Bitcoin Cryptocurrency Rate Under Pressure: $105,000 Is the Last Line of Defense
After rising to a historical maximum of $124,000, Bitcoin has entered a correction phase. Pressure from large traders remains, which is causing concern among investors. This was stated by CryptoQuant analyst BorisD. He emphasized that against the backdrop of the decline, it is especially important to consider the distribution and accumulation of BTC in different wallet groups. This data shows where the market can find support.
Small storages with a balance of up to 0.1 BTC actively sold coins at the maximums, but at the moment of decline they returned to accumulation. Such investors are characterized by following the price, rather than forming a trend. Wallets holding from 0.1 to 1 BTC began buying at the maximum and continue to accumulate coins. This signals the continued interest of retail participants.

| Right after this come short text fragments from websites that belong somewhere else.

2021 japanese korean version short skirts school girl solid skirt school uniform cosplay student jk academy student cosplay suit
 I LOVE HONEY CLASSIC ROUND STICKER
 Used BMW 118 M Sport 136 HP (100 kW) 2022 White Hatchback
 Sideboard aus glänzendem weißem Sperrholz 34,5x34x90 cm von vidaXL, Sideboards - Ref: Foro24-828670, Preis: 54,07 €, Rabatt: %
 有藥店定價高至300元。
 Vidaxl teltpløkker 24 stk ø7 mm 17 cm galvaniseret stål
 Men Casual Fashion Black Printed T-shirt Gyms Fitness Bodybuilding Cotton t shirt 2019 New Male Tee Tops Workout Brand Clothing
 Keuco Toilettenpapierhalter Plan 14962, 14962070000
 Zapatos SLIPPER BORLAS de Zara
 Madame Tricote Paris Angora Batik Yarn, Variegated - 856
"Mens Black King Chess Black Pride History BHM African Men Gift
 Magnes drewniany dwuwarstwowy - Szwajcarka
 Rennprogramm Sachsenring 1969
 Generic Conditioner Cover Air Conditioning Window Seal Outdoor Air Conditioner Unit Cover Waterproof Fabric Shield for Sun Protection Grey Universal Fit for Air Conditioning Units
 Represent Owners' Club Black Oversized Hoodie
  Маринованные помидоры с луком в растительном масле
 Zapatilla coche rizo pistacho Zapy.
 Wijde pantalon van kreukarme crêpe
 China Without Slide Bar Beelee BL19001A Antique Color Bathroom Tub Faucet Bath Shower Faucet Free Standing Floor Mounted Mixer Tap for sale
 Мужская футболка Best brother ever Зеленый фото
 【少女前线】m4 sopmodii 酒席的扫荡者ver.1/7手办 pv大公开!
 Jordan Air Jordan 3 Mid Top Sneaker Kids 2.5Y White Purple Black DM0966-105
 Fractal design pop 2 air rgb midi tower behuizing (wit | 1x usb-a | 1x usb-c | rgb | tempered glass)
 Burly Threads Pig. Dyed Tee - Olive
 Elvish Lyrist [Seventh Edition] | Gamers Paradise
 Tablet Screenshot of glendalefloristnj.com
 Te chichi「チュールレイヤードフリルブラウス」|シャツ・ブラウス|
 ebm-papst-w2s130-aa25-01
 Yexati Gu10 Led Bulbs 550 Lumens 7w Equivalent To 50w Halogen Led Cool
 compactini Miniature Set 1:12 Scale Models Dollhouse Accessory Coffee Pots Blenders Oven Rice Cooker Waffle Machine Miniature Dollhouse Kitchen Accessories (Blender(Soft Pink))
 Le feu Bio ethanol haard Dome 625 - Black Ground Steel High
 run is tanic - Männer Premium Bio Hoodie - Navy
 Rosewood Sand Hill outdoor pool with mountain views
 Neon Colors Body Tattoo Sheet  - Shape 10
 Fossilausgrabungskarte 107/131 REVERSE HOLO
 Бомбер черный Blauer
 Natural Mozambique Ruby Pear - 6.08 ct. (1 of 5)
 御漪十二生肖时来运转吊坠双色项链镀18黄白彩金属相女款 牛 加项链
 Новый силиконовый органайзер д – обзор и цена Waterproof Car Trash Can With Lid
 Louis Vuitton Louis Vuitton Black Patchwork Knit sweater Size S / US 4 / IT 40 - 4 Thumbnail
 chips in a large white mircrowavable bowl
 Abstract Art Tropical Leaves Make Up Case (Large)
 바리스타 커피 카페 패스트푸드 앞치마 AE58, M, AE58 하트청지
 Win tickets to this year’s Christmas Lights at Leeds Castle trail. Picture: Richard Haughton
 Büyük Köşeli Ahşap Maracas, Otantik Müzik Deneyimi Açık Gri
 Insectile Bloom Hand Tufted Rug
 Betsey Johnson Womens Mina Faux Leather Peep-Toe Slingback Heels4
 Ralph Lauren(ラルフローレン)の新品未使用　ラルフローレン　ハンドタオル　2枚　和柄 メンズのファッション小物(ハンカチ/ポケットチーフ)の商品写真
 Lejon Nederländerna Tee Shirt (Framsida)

Owners of 1 to 10 coins stopped selling at about $107,000 and moved to accumulation. This trend continues, and this segment shows confidence in future growth. Investors with 10-100 bitcoins have completed purchases at $118,000 and are now in the distribution phase. This indicates caution among mid-level investors.
Wallets with 100-1000 coins on the account show a balance between purchases and sales in the region of $105,000. Such dynamics reflect indecision and uncertainty regarding the future movement. It is this level that now acts as critical support.
Large holders of 1,000 BTC and above continue to distribute. Crypto asset owners have been selling since the peak, although the balance between profit-taking and buying remains. The largest wallets with more than 10,000 coins have started to take profits at ATH and are still selling, but their activity has noticeably decreased.